El lenguaje cinematográfico, la música, la honestidad actoral. A los actores siempre les estoy marcando la diferencia entre exhibirse y actuar. El escenario es un espacio filosófico.

¿Ha crecido el teatro en Colombia?

Admirablemente. De la ausencia pasamos a una práctica regular, diversa, inquieta, generosa.

¿Cuál es el teatro colombiano que más admira?

Al Teatro La Candelaria, ellos son nuestros Rolling Stones.

¿Quisiera vivir en OtraParte?

No soy tan campestre, mi reverberación interior me pide acción, urbe, avisos, smog, edificios, gente. Me acomodaría muy bien en Las Vegas, soy animal nocturno.

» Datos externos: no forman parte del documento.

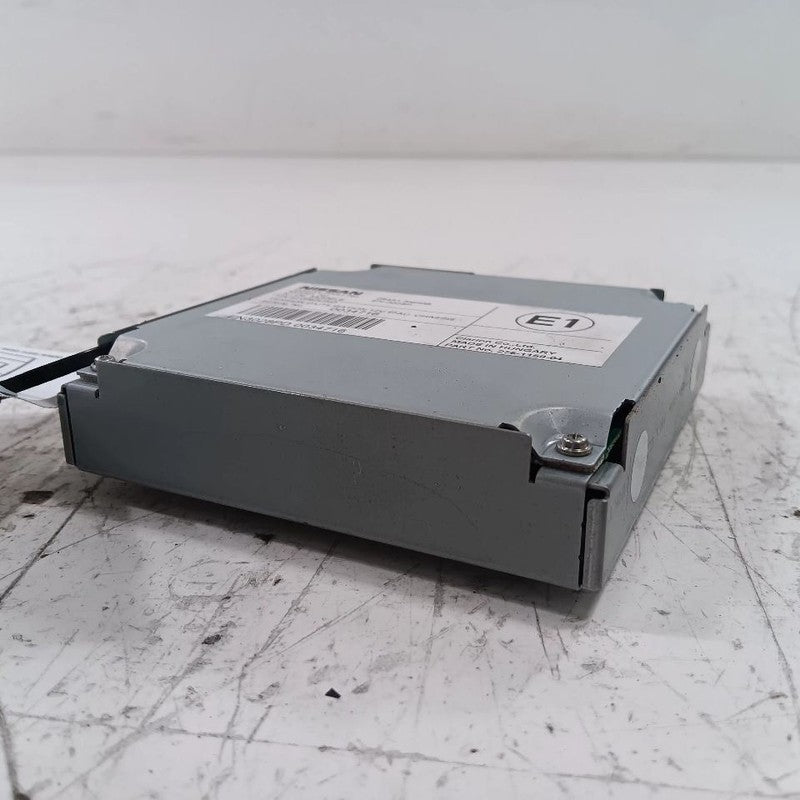 Nissan LEAF Camera Controller 284A1 3NH0B Control Module  2013 2014 2015 2016 20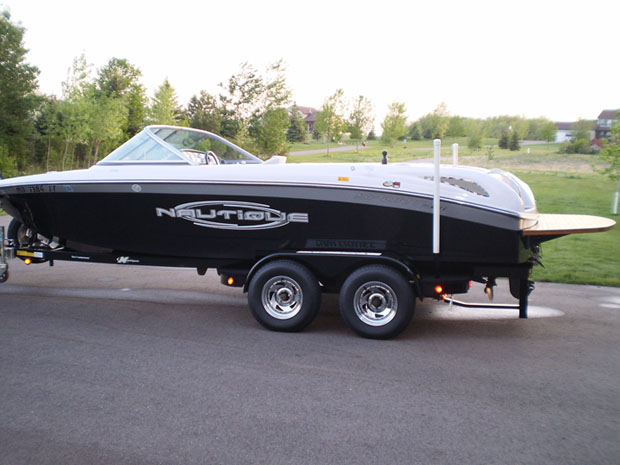 Click image for larger version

¿Su poeta colombiano favorito?

Jaime Jaramillo Escobar

¿Dos novelistas de culto?

Beckett y Kafka.

¿Cuál es la mejor compañía para la creación?

La compañía de mis actores y actrices, formamos un equipo dinámico, alegre, entusiasta.

¿A qué o a quién le debe una obra?

Digo la frase que tanto repito de Andrés Caicedo: ahora estoy recogiendo datos para elaborar un nuevo sufrimiento.

¿Tiene agüeros?

Si, una escalera acostada entre el escenario y el patio de butacas.

¿Qué soñaba ser de niño?

No tener que trabajar nunca.

¿Practica algún ritual?

Si, el cigarrillo, el tinto la conversación, la meditación, las 30 vueltas que doy cada mañana antes de decidirme a la ducha ¡qué gran aristócrata es uno cuando siente que su oficio no es un trabajo!